Sendika.org’da yer alan habere göre, HDP’nin barajı geçemediği takdirde ortalığın karışacağını söyleyen Akdoğan, şimdiden birtakım tehditler olduğunu öne sürdü, ulusalcı CHP ve çözüm sürecine kategorik olarak karşı çıkan MHP’nin çözüm sürecini ilerletemeyeceğini ifade etti, HDP’nin AKP’ye muhtaç olduğu yorumunu yaptı.
Erdoğan’ın açıklamalarına ‘yalan’ dedi
Dolmabahçe Deklarasyonu’ndaki maddelere ilişkin Tayyip Erdoğan’ın redde ve inkara dayalı söylemlerini yalanlayan Akdoğan, “Cumhurbaşkanının işi yok, kimin nereye oturacağına mı karışacak? İzleme Heyeti’nde kimin olup olmayacağına mı karışacak? Bunlar topluma yanlış bilgi vermeye alıştıkları için şimdi Erdoğan ismi üzerinden yalan uydurmaya başladılar” dedi.

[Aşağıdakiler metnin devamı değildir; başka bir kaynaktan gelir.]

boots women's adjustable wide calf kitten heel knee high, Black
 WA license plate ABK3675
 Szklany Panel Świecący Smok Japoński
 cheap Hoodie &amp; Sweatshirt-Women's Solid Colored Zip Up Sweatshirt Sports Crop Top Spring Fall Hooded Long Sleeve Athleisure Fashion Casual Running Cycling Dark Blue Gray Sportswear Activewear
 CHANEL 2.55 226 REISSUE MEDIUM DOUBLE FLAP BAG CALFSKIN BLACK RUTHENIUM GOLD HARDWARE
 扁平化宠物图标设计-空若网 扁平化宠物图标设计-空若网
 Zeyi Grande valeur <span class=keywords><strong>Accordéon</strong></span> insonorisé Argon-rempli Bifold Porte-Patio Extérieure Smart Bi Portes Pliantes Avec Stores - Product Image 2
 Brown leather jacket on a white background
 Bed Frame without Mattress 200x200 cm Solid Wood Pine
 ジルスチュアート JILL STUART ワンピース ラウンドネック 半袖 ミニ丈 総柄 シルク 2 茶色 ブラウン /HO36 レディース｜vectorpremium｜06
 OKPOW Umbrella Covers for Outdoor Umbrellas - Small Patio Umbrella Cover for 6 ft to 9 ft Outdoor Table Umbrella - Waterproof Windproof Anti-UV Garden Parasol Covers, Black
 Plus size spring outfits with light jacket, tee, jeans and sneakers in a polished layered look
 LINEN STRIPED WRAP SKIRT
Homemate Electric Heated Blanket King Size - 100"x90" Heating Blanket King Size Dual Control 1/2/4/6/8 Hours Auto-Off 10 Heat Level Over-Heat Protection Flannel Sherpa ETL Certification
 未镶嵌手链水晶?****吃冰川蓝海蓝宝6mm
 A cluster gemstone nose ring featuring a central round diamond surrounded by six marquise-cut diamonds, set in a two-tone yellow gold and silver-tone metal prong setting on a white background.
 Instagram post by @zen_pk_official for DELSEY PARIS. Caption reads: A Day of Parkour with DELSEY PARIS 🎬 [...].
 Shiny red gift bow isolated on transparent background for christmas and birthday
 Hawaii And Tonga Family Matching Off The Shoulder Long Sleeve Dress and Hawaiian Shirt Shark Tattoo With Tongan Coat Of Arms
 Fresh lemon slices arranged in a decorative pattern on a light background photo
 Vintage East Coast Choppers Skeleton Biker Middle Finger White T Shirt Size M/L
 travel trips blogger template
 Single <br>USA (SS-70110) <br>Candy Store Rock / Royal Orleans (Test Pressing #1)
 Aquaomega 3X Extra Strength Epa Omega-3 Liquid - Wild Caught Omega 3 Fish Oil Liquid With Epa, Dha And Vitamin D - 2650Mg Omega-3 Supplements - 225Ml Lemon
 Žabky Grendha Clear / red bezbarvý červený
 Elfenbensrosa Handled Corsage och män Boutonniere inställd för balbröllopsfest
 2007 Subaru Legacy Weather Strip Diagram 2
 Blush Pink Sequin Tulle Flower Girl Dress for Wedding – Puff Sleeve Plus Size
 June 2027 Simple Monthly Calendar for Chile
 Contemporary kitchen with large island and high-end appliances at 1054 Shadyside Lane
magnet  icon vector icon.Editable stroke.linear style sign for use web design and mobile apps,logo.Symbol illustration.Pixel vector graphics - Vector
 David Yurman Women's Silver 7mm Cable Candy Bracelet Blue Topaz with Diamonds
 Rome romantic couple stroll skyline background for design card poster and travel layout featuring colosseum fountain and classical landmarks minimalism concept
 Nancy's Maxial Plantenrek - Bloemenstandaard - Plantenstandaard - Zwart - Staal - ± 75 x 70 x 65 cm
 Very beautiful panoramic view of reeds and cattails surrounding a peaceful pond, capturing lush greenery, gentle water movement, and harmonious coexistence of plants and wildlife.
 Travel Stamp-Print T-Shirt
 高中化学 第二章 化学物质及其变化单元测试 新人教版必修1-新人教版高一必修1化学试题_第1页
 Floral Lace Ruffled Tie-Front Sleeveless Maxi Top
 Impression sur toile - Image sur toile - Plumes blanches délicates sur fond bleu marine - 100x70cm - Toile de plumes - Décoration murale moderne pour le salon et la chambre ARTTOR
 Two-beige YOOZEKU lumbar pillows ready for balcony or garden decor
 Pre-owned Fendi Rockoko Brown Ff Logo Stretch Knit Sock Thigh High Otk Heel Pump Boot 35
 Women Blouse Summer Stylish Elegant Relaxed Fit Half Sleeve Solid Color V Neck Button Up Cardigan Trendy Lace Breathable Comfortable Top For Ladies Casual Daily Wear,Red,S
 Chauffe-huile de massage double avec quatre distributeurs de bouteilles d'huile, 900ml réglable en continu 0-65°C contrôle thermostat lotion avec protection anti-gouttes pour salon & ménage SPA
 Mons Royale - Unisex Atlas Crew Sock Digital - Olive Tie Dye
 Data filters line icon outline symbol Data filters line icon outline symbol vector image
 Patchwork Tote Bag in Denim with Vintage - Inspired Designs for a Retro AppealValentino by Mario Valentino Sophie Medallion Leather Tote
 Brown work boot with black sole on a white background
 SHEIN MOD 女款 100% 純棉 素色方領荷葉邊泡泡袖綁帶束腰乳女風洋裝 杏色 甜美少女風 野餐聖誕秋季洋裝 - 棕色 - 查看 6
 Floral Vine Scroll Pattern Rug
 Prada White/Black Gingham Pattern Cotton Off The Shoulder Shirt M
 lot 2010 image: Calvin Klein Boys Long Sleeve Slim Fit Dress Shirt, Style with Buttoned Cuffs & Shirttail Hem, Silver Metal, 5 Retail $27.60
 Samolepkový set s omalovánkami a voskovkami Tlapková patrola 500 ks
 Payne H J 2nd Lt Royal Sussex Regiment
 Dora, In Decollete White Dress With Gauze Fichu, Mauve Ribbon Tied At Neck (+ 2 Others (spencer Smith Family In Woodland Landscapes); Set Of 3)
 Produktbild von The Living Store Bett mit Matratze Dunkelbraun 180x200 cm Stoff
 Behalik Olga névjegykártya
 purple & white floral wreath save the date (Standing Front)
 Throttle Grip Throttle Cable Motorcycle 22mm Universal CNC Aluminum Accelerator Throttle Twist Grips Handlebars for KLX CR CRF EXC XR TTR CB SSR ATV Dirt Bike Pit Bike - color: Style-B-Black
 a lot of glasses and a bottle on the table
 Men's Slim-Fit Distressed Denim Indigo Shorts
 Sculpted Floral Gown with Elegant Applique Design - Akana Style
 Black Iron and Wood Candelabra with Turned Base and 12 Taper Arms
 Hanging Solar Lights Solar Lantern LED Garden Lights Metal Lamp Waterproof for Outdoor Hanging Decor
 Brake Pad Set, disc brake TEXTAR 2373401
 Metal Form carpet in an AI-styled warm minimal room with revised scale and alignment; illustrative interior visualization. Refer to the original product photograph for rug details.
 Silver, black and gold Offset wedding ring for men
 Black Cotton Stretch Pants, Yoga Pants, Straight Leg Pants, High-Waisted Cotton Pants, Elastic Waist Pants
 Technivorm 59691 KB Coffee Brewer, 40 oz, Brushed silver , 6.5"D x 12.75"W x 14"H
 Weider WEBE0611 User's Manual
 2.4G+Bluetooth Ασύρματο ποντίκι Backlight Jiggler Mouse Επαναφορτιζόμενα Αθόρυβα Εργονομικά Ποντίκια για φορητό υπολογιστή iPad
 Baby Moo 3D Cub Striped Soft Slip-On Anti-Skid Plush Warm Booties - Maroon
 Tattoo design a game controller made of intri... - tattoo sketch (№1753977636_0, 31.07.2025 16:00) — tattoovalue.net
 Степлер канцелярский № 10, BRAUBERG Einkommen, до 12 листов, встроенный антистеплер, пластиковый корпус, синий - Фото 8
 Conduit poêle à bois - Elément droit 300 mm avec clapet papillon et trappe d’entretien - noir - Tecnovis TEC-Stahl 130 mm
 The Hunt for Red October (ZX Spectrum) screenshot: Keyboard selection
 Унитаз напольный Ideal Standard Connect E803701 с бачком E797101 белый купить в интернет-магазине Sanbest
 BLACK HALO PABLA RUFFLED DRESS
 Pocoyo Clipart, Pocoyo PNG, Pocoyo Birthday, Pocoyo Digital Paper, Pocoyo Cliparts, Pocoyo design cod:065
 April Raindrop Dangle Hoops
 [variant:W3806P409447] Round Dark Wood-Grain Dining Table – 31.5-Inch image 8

‘Öcalan’ın anlamsızlaştırıyorlar,
Brütüslük yapıyorlar’
Öcalan’ın Dolmabahçe Deklarasyonu’nun hayata geçirilmesi kaydıyla PKK’nin silah bırakma kongresini toplama çağrısındaki şartı görmezden gelen Akdoğan, HDP’nin seçime girerek Öcalan’ı anlamsızlaştırma çabası içinde olduğunu şu sözlerle anlattı:
Yani Öcalan’ı anlamsızlaştırmak için, mesajını anlamsızlaştırmak için, silahı bırakma çağrısını boşa çıkarmak için açıklama yaptılar. Sözlü talimat verdi yapmadın, yazılı metin gönderdi yapmadın, imzalı metin gönderdi yapmadın, üç hafta Öcalan’ı takmadılar ve açıklama yapmadılar. Silahı yılmak işlerine gelmedi, en sonunda zorunlu kaldılar ve metni okumak zorunda kaldılar. Sen, İmralı’ya karşı Brütüs olabilirsin fakat kimse bizden Erdoğan’a karşı Brütüs olmamızı beklemesin.